Of course it does. I'm not saying that it doesn't. But
when you exercise, you … that it cannot
be strictly sympathetic activity on your blood
vessels because that would cause vasoconstriction
and it would defeat the purpose of supplying
oxygen to a skeletal muscle or your heart muscle.
05:47
So then you have certain metabolites. What
are those metabolites called? ATP stand for
adenosine triphosphate. What kind of effect does adenosine
have on your blood vessels? Vasodilate. What
about lactic acid? Vasodilate. What about
carbon dioxide? Where is carbon dioxide coming
from? What happens to amount of carbon dioxide
production with exercise? Increase, doesn't
it? Of course it does. You have more glycolysis,
more TCA cycle from biochemistry, releasing
more carbon dioxide. All those are vasodilatory
metabolites on your blood vessels. Is that
clear? So my point is this when you induce
stress, let us say that it is going to be
physical stress with the patient with stable
angina, you are trying to then create an area
where you have increased coronary artery dilation,
so that that area where it's undergoing your
occlusion feels the pain. Are you feeling
the pain right now? I hope not. If not, go
to the doctor right now, but point is this.

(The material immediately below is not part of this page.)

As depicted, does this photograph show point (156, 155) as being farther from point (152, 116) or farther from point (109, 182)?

If the patient is feeling pain doing exercise,
then you know you can find ST depression and such. You
know your patient has stable angina. Can
you mimic this medically? Of course again
exactly what we just did. Instead of exercise,
why not replace it with a vasodilator such
as adenosine or its analog that exactly what
you want to do. And when you do so, you cause your
coronary artery to then dilate, it will then
steal the blood from the area where it is
stenosed, to your coronary artery, which is
now open and what is your patient is going
to feel? Pain. Clear? Now other drugs that you might
want to use including dobutamine as well in
which it's a chemical stress test. But understand
the concept of coronary steal syndrome please.
Here you will find your two different types
of myocardial infarction. You will find your subendocardium,
which will be arteriolar type of MI versus
transmural. What kind of coronary artery or
arteriole? It will be a coronary artery, transmural.